___ RECORDS SHOWN ___

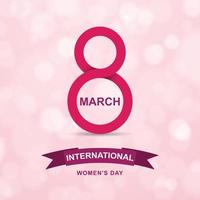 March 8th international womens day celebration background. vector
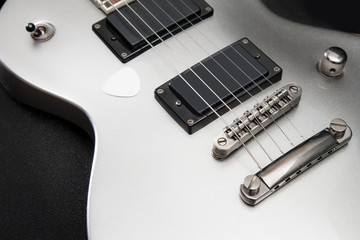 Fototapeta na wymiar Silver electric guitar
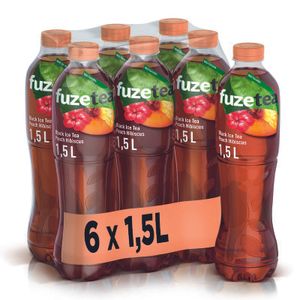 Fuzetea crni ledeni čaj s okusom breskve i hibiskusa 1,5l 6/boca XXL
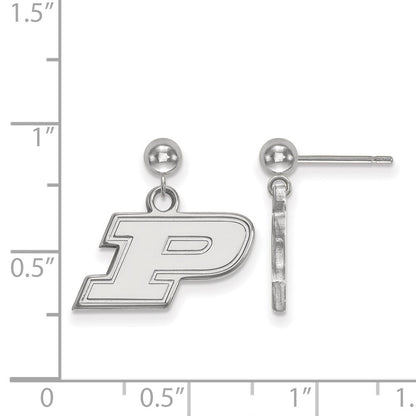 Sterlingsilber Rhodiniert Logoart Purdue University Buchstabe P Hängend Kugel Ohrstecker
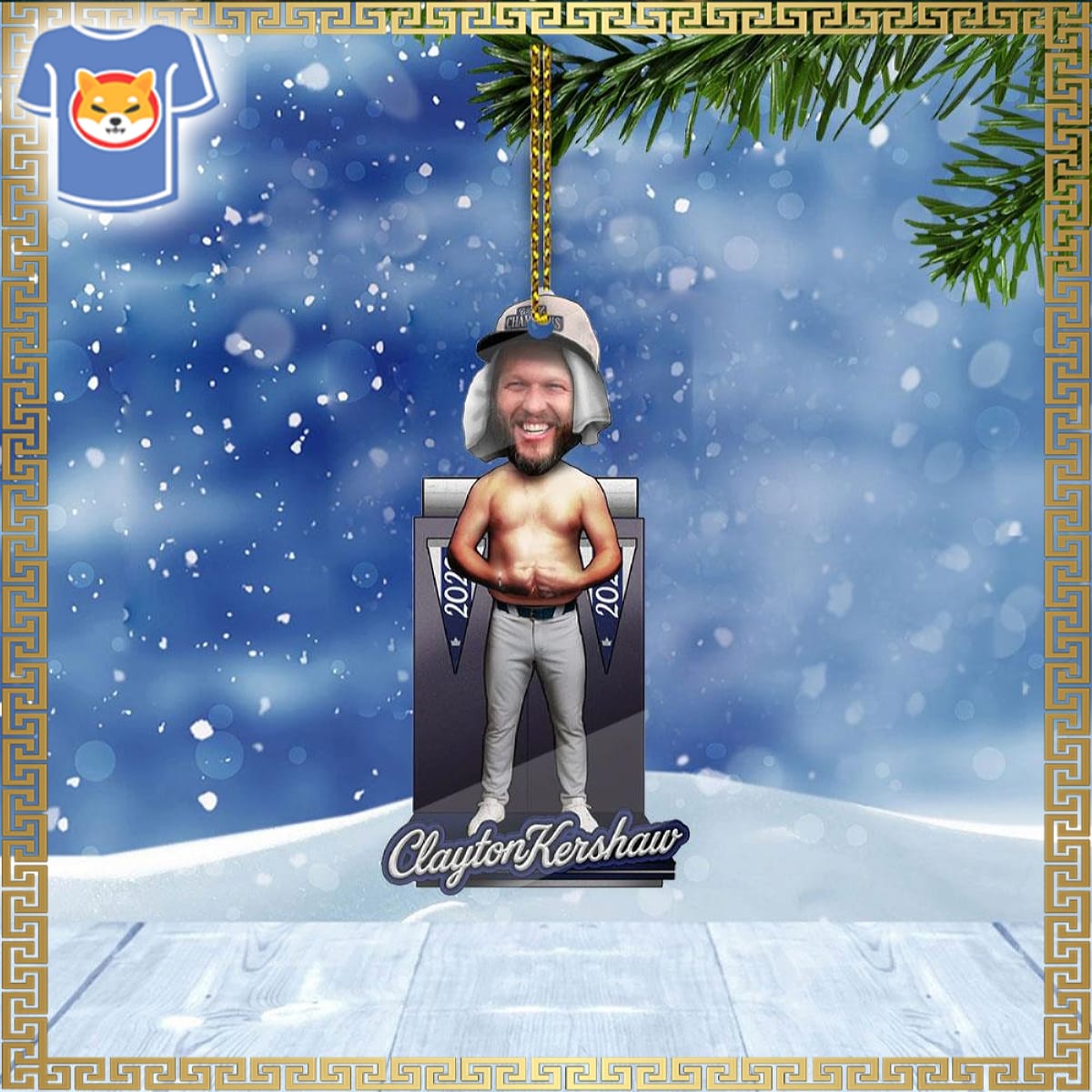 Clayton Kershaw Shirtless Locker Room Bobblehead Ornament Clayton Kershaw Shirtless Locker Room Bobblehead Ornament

___
___ RECORDS SHOWN ___

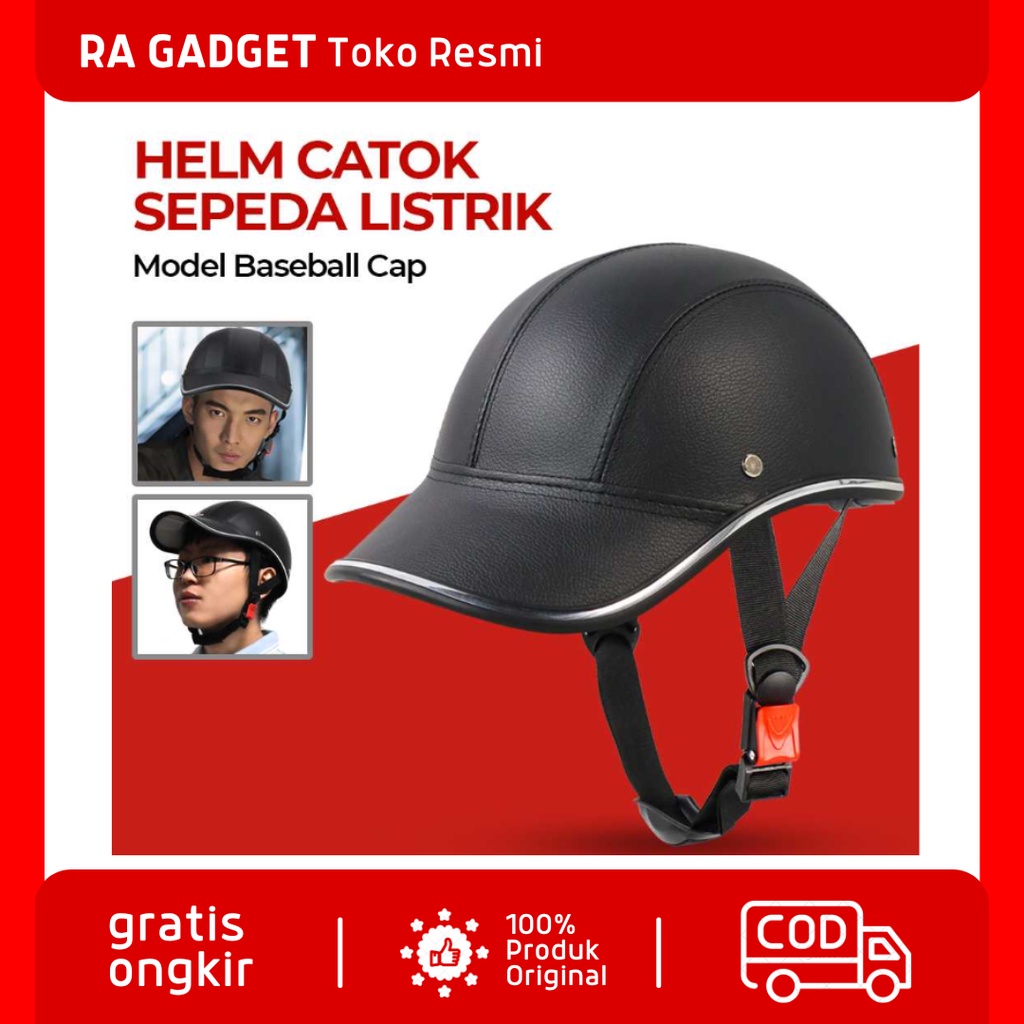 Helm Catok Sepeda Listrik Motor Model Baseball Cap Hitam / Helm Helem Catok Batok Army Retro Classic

___

_EXERCISE DIRECTIONS:_ The lines to copy exactly start with the line above that has "Sterlingsilber Rhodiniert Logoart" and go on through the line that has "Bobblehead Ornament Clayton"; please include both, add nothing else, and omit the pictures.

_WORKED SOLUTION:_
 Sterlingsilber Rhodiniert Logoart Purdue University Buchstabe P Hängend Kugel Ohrstecker
 Clayton Kershaw Shirtless Locker Room Bobblehead Ornament Clayton Kershaw Shirtless Locker Room Bobblehead Ornament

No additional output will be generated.